This brings us to the second major point about Paul’s dangerous idea about God. If meaninglessness is rooted in the wrath of God upon sinful humanity, how is meaning (a sense of glorying in God and one’s existence before God) possible?

For Paul, the solution to meaninglessness is so ingenious that no human being could have ever imagined it. For it is nothing less than an incredible duel within the Godhead itself, God resolving to oppose Godself, right within the confines of human history. In short, the solution entails a change in God. Not a change of gods, as though simple idolatry were the issue, but a change in God, God changing God’s own approach to humankind.
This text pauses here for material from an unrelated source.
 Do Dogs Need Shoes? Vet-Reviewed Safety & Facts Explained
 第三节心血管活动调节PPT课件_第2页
As Paul explains it, only as God changes—overrules, overthrows—his natural, critical approach toward sinful humankind is Meaning possible. And that, according to Paul, is exactly what God is doing “in Christ.” The phrase “in Christ” is for Paul a technical term for identifying the basis of a new, meaningful (justified) kind of existence before God, one in which people can actually glory in God, rather than despair of God (cf. Romans 3:24, 26; 6:3, 11, 23; 8:2). Therefore, for Paul, Meaning is secured neither through the revelation of an eternal, but hidden, Meaning rooted deep within creation (as traditional theism proposes), nor through the potential, but in no wise guaranteed, outcome of continued human striving and evolution.

Rather, Meaning is secured only as God negates, supplants, overrules his righteous wrath on a fallen world, thereby effectively changing his nature, that is, his approach towards humanity in history. Paul’s dangerous idea about God, then, is not only about how a holy and wrathful God is dangerous to a sinful humanity. More importantly it’s about how God endangers Godself in the event of Jesus Christ for the sake of the world’s salvation.
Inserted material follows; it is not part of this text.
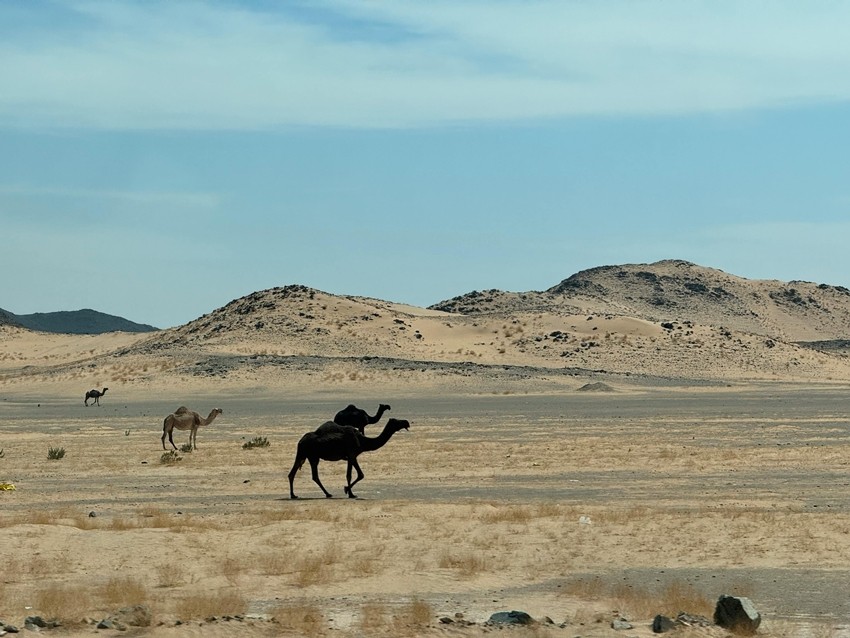 SAUDI ARABIA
In the event of Jesus Christ, God’s wrath, which is holy and righteous in every respect, is overruled by God’s mercy, thereby establishing the basis—through faith in Christ—for a justified, meaningful human existence. Paul describes this change in approach as follows:

For while we were still weak [helpless under the wrath of God], at the right time Christ died for the ungodly. Indeed, rarely will anyone die for a righteous person—though perhaps for a good person someone might actually dare to die. But God proves his love for us in that while we were still sinners Christ died for us. Much more surely then, now that we have been justified by his blood, will we be saved from the wrath of God. For if while we were enemies, we were reconciled to God through the death of his Son, much more surely, having been reconciled, will we be saved by his life. But more than that, we even boast in God through our Lord Jesus Christ, through whom we have now received reconciliation. (Romans 5:6-11)
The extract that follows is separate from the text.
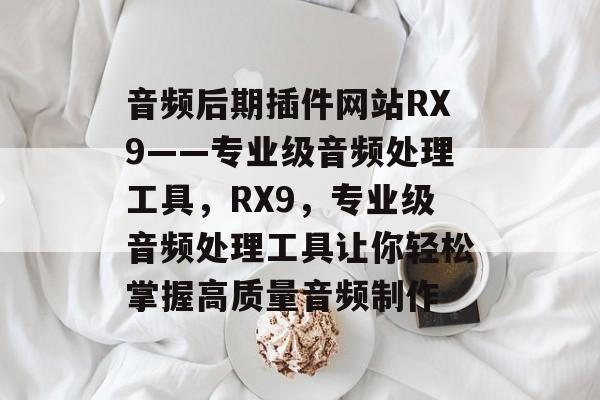 音频后期插件网站RX9——专业级音频处理工具，RX9，专业级音频处理工具让你轻松掌握高质量音频制作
For Paul, Meaning (i.e., a justified, meaningful life in which one can ”boast” or ”glory in God,” and hence, in one’s own existence) is the outcome of a conscious change of approach by God toward sinful humankind. This approach, as Paul speaks of it, is not a mystical experience or a new idea about life, but a real historical, one-of-a-kind event which begins with God becoming, not just one-of-us, but one-with-us in the person of Jesus Christ. Jesus so sides with sinners that he actually “becomes sin” for them (cf. 2 Corinthians 5:21), subjecting himself to the judgment and death which befalls them.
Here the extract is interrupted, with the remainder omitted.